In the past year, I found a short elementary proof of Conjecture 6 on this website on bohemian matrices which is currently still marked as “open”.

Bohemian matrices are just matrices with all entries being integers.

The conjecture states that the number $a (n)$ of nilpotent matrices with entries in ${0, 1, 2}$ and of dimension $n \times n$ is equal to the definition of the sequence A188457 of the OEIS.

A nilpotent matrix is a matrix $A$ such that there exists a natural number $k$ such that $A^{k} = 0$ .

According to a recent comment on the OEIS (from February 2021), the sequence A188457 is equal to the number of labeled acyclic $2$ -multidigraphs with $n$ vertices.

A digraph is a graph with directed edges and a $2$ -multidigraph allows for up to $2$ directed edges with same source and target, i.e. it allows for up to $2$ parallel edges.

To prove the conjecture, we prove a bijective correspondence between nilpotent matrices with entries in ${0, 1, \dots, p}$ and of dimension $n \times n$ on the one hand and labeled acyclic $p$ -multidigraphs with $n$ vertices on the other hand.

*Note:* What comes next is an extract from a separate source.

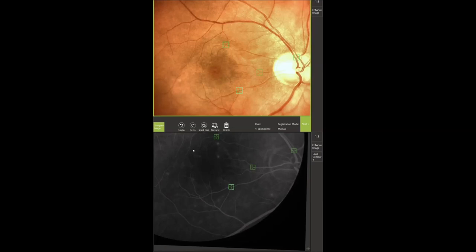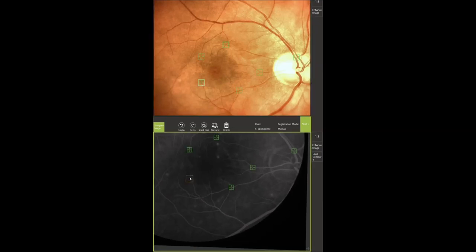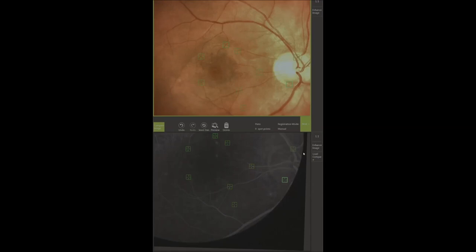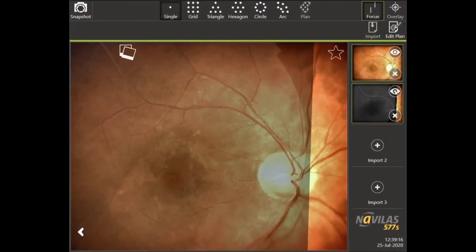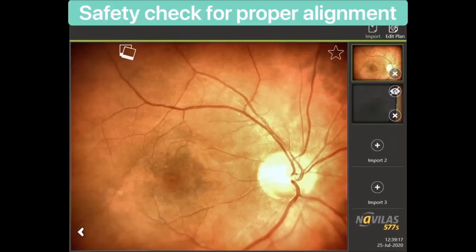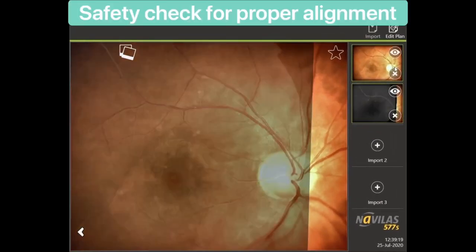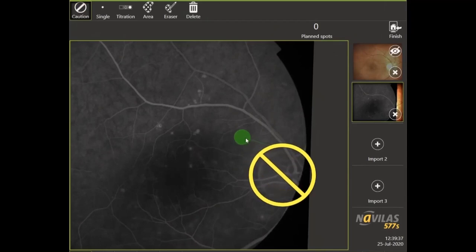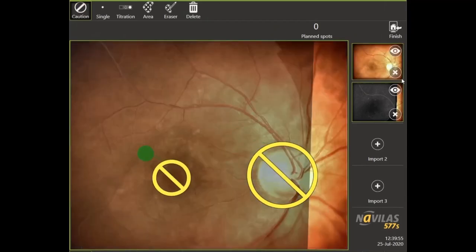The corresponding dots were applied encircling the area of future treatment. Then the alignment was checked by controlling the correspondence of vessels on the fundus image and the fluorescein angiography image. The aim was to exclude shadows from FA vessels on the retina aside from the vessels on the fundus photo, as shadows present could be a sign of improper alignment.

Conjecture $6$ is then covered by the special case $p = 2$ .

The correspondence which we want to prove is given by adjacency matrices and we can see that as follows: Let $A$ be an adjacency matrix of a $p$ -multidigraph $D$ whose vertices are labeled with the numbers $1, \dots, n$ .

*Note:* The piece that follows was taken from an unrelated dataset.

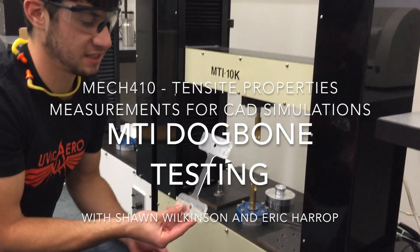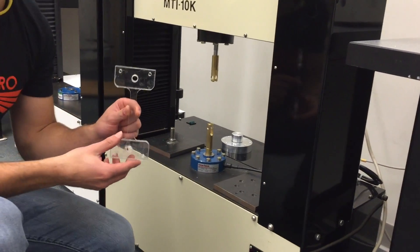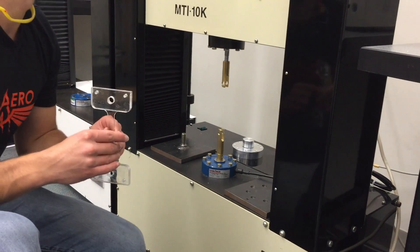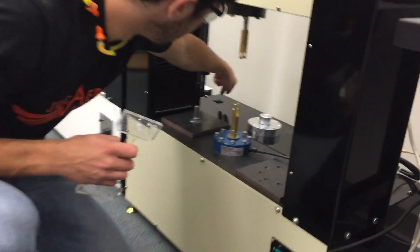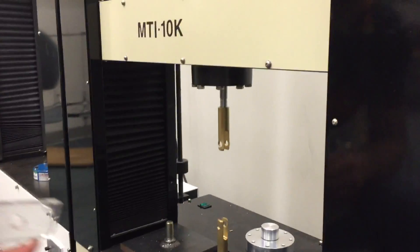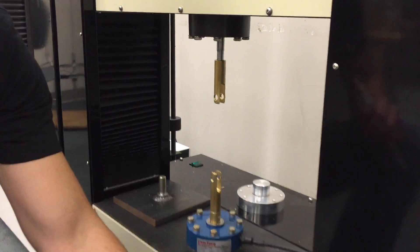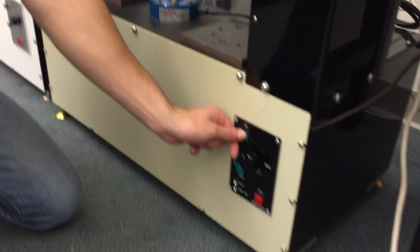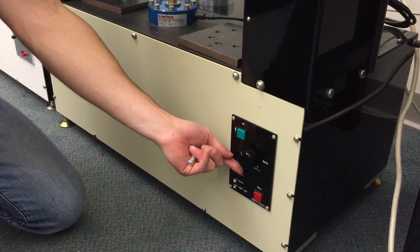This is the test specimen that we'll be conducting the test on today. To turn on the machine, we flick on this green switch back here. The machine's now on and we can press the arrow keys to manually control the machine.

A $p$ -multidigraph corresponds to an adjacency matrix with entries in ${0, 1, \dots, p}$ .

Now, consider a natural power $A^{k}$ . The entry with indices $(i, j)$ of $A^{k}$ counts the number of walks from $i$ to $j$ with exactly $k$ steps (proof).

So $A$ is nilpotent if and only if the corresponding multidigraph, $D$ , doesn’t contain any walks for some fixed length $K \in N$ . But this is equivalent to the multidigraph, $D$ , being acyclic which finishes the proof.

Note that the special case $p = 1$ of our proof also covers Conjecture 1 on the same website.